December 20, 2011
House Republicans: Fund students, no tax increases, pay down debt
The Republican majority of the Utah House of Representatives has outlined several priorities for the 2011 legislative general session. They include:
- Utah’s students will be funded, which includes the 12,500 new students this year. The caucus is committed to funding students, not systems, and allowing parents as many educational choices as possible for their children. We want education to focus on relevant skills that will prepare students for a global marketplace but that also remains unique to Utah’s culture and values.
- There will be no tax increases. Utah’s economy is leading the nation out of the Great Recession with economic and job growth. Any additional burden on the taxpayer would only stunt that growth.
- One-time funds will no longer be used for ongoing costs. Also, debt must be paid down. Utah is known nationally for its fiscal prudence and maintaining a rare AAA bond rating. Various economic forces have unexpectedly increased our debt load, and the caucus is committed to paying it back down to acceptable levels. Also, using one-time money for ongoing costs isn’t a healthy way to budget and must be eliminated.

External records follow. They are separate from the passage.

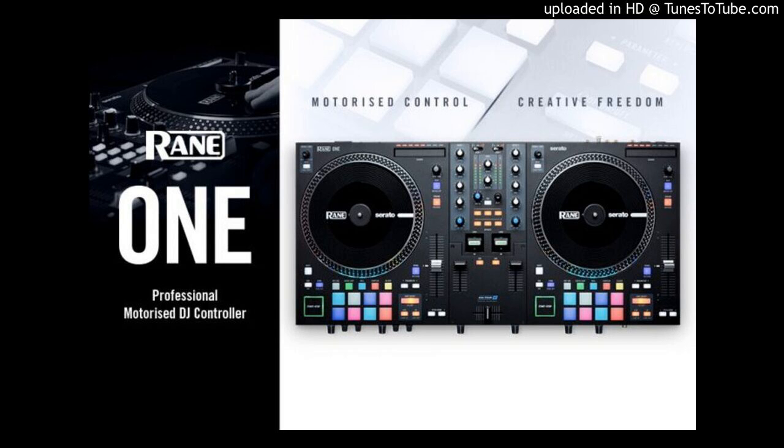Rane One precision cuts. The One's crossfader features the latest MAG-4 fader, Rane's lightest and smoothest fader ever. With front panel controls for fast/slow contour adjustment, internal tension adjust, reverse switch, and a new-to-Serato software cut-in adjustment control, DJs will be able to get just the right feel they need for maximum performance. Designed with Rane's trusted solid build quality and globally respected pro audio quality, the Rane One is the DJ's ultimate controller.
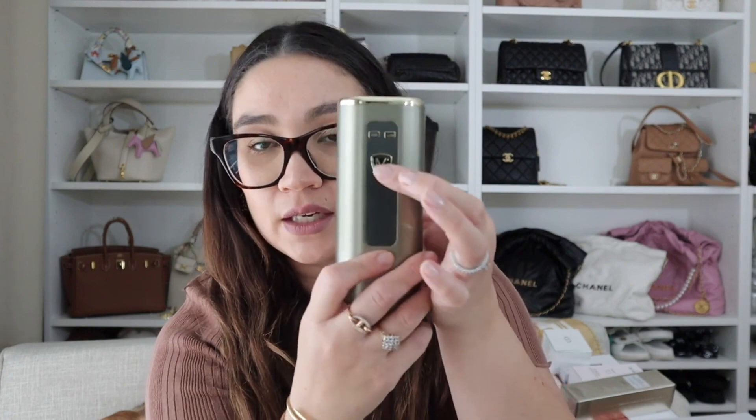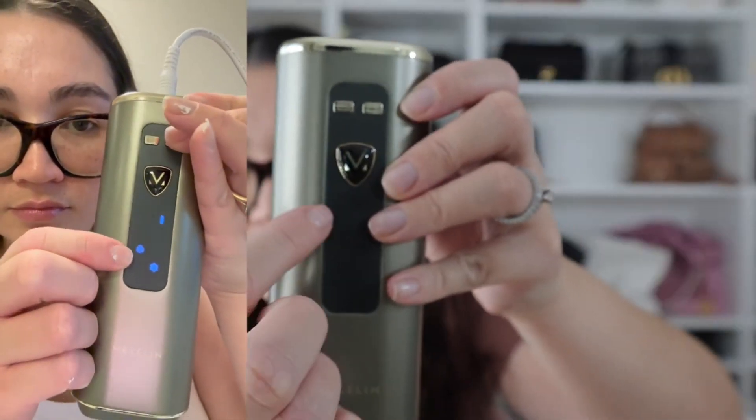It has a continuous flash mode. You have to hold this button here and it turns on continuous flash. You actually have to put the device on your skin — when it touches skin in continuous flash mode, that's when it will release that laser flash. The button over here will adjust your intensity, and you've got six levels that will come up as bars on the screen.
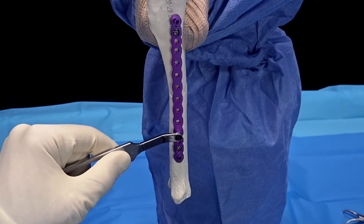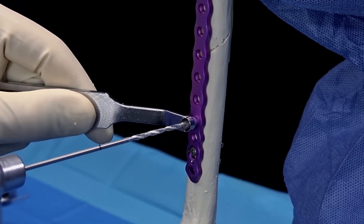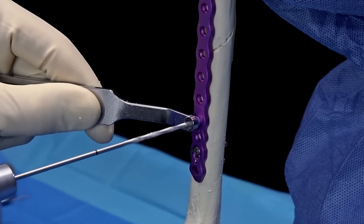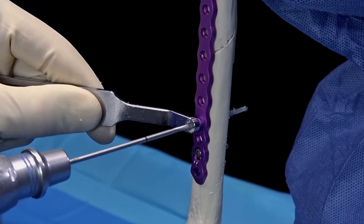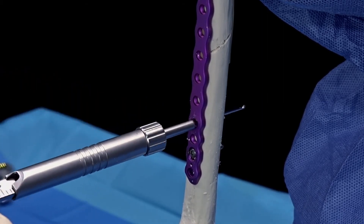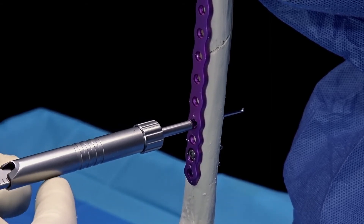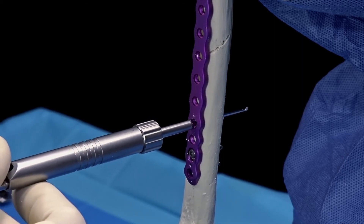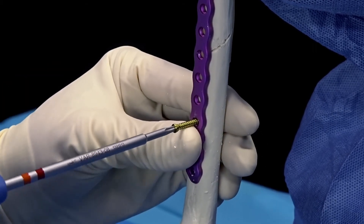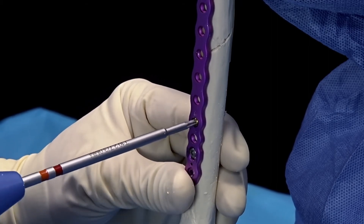The conical shape drill guide is placed for using the variable angle locking screw. This conical guide allows us to freehand drill 12 degrees from center in any direction. We use the same 2.3 millimeter drill bit to penetrate the near and trans cortex. The guide is removed and we measure as shown. The trajectory of the hole is noted prior to removal of the drill guide so this trajectory can be matched with the variable angle locking screw, which is golden in color to indicate it is variable angle and can be deviated from the neutral axis.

If you didn’t make it to the press availability, here’s what leadership is saying:
- “Tax revenues are beginning to rebound, and we are seeing positive economic signs on the horizon. Republicans in the House will be both conservative and innovative in their approach to using taxpayer dollars to effectively fund public services.” – Speaker Becky Lockhart
- “We’re going to fund students, but perhaps more importantly, we want to re-engage educators in the discussion. Education is a critical issue for all Utahns, and input is needed from everyone on how to make sure our children are ready for the future.” – Majority Leader Brad Dee
- “Paying down debt is going to help protect our AAA bond rating, and protect our longterm fiscal health if we see another economic crisis. Smart investment of tax dollars in infrastructure, like roads, can both boost jobs and provide for critical public needs.” – Whip Greg Hughes
- “We’re encouraged by our economic outlook, but we don’t want to do anything that would hinder the state as we lead the country out of the recession. Committing to no new taxes now signals to Utahns and businesses alike that we trust their efforts.” – Assistant Whip Ronda Menlove
The majority caucus is made up of all 58 Republicans in the Utah House of Representatives. They come from across Utah and reflect both the make-up and wishes of the vast majority of the state’s citizens. The caucus espouses the beliefs of the Republican party, including strong families, the free market, and small government.